Saudi officials who engage in anti-Shia speech rarely face
any reprimand for doing so. For example, on December 31,
2009, Shaikh Muhammad al-`Arifi, the government-paid imam of
the Buradi mosque in Riyadh, as well as Salih bin Humaid,
Saudi chief judge, visited frontline troops in southern Saudi
Arabia fighting Yemeni Huthi rebels, who belong to a branch
of Shiism, albeit different from that of most Saudi Shia. Al-
`Arifi can be seen in photos wearing camouflage, firing
weapons, and preaching to soldiers. Press reports said al-
`Arifi stressed the necessity of jihad (holy war) and
commended the soldiers for performing their national and
religious duty. Upon returning to Riyadh, al-`Arifi, in a
sermon on Friday, January 1, 2010 condemned the Huthi rebels
and called Ayatollah Ali al-Sistani--an Iranian living in
Iraq, who is the highest religious authority for many Saudi
Shia-an ``obscene, irreligious atheist.''
Meanwhile, Saudi authorities have taken steps to silence
Shia critics. Saudi domestic intelligence agents have been
holding Munir al-Jassas, a Shia who criticized state
repression against the Shia online, in detention without
charge for over a year. On June 22, 2008, authorities
arrested Shia cleric Shaikh Tawfiq al-`Amir, after he spoke
out in a sermon against a May 30 statement signed by 22
prominent Saudi Wahhabi clerics, in which they called the
``Shia sect an evil among the sects of the Islamic nation,
and the greatest enemy and deceivers of the Sunni people.''
Of the 22 signatories, II were current government officials
and 6 were former government officials.
In its annual reports on religious freedom on Saudi Arabia,
the United States Department of State has consistently and
accurately documented severe repression of religious freedom
and systematic violations against certain groups, including
especially the Shia. Yet, while the United States has for
years designated Saudi Arabia as a Country of Particular
Concern, it has failed to take meaningful steps to promote
reform in Saudi Arabia. The United States has continually
waived sanctions provided under the law, and aside from
issuing the annual report, has remained mostly silent in
public on the subject.
The United States has also applauded King Abdullah's
Interfaith Dialogue Initiative (IDI) as evidence of greater
promotion of religious tolerance. Cynical observers would see
the IDI as a promotional tour of Western countries designed
to soften Saudi Arabia's image of an exporter of religious
hatred. Uncritical supporters of the initiative claim it as
evidence that the kingdom is opening up.
Whatever its motivation, the fact remains that this
initiative abroad has had no policy repercussions at home.

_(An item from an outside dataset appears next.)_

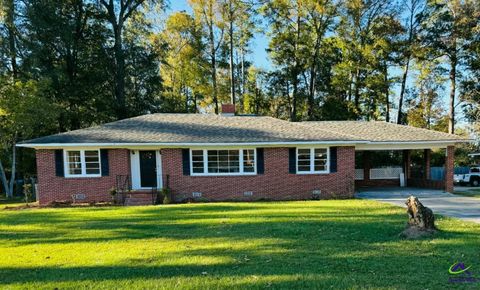 116 W LEWIS Street Cochran GA 31014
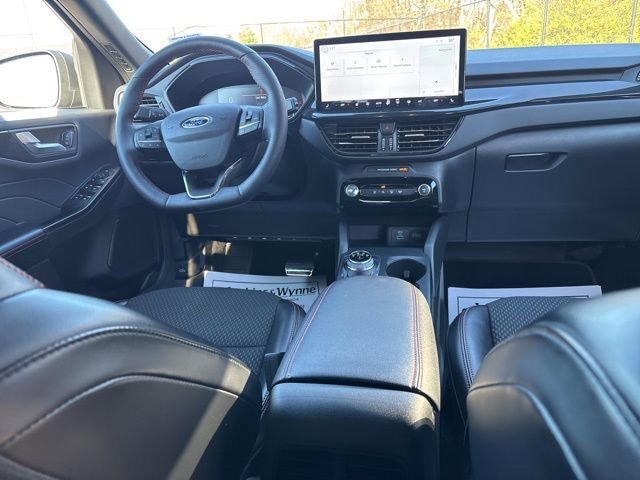 Certified 2023 Ford Escape ST-Line w/ Tech Pack #1 image 9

Saudis recognize domestic state-controlled media reporting on
the IDI as an official campaign, and it only serves to
highlight the stark contrasts between ideals upheld abroad
and the harsh reality of repression at home. If the United
States is serious about promoting religious tolerance in
Saudi Arabia, it cannot remain content to publish a report
once a year about religious repression or to praise Saudi
Arabia for symbolic commitments to religious tolerance.

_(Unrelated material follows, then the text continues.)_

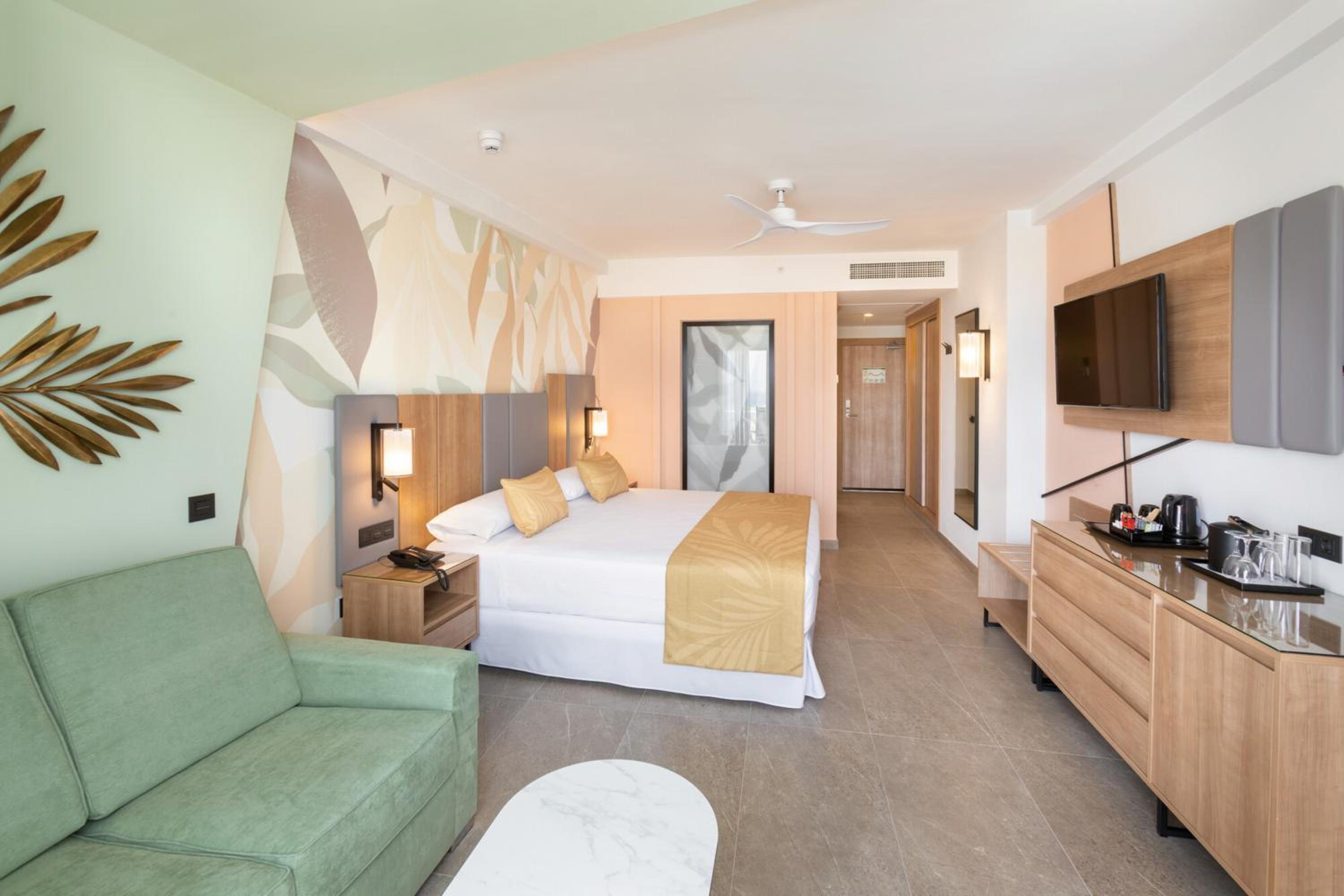 Double Room with Sea View - Photo 3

Instead, it must take a clear, public stance on Saudi
Arabia's systematic repression of religion and press the
Saudi government to undertake effective institutional reforms
to end discrimination and repression on the basis of religion
in that country.
Remarks of Mansour Al-Hadj, Editor, Aafaq
At the outset, I would like to say that my paper is based
on my personal experience as someone who was born and grew up
in Saudi Arabia, and has always been concerned about Saudi
Arabia--since it's my homeland and also since I have been
monitoring the Saudi media closely for the last four years as
co-founder of the liberal Arabic-language website Aafaq, of
which I am currently editor-in-chief.
There is great conflict and tension between liberals and
conservatives in Saudi Arabia--but it is unfortunately a fake
war, because both sides are working for the government--that
is, the House of Saud. Both the liberals--who are actively
writing articles for government-owned newspapers or appearing
on government-owned TV channels--and the conservatives--who
are active in mosques and on websites and who are also
appearing on government-owned TV channels--are well aware of
their limits and of the red lines that they must not cross.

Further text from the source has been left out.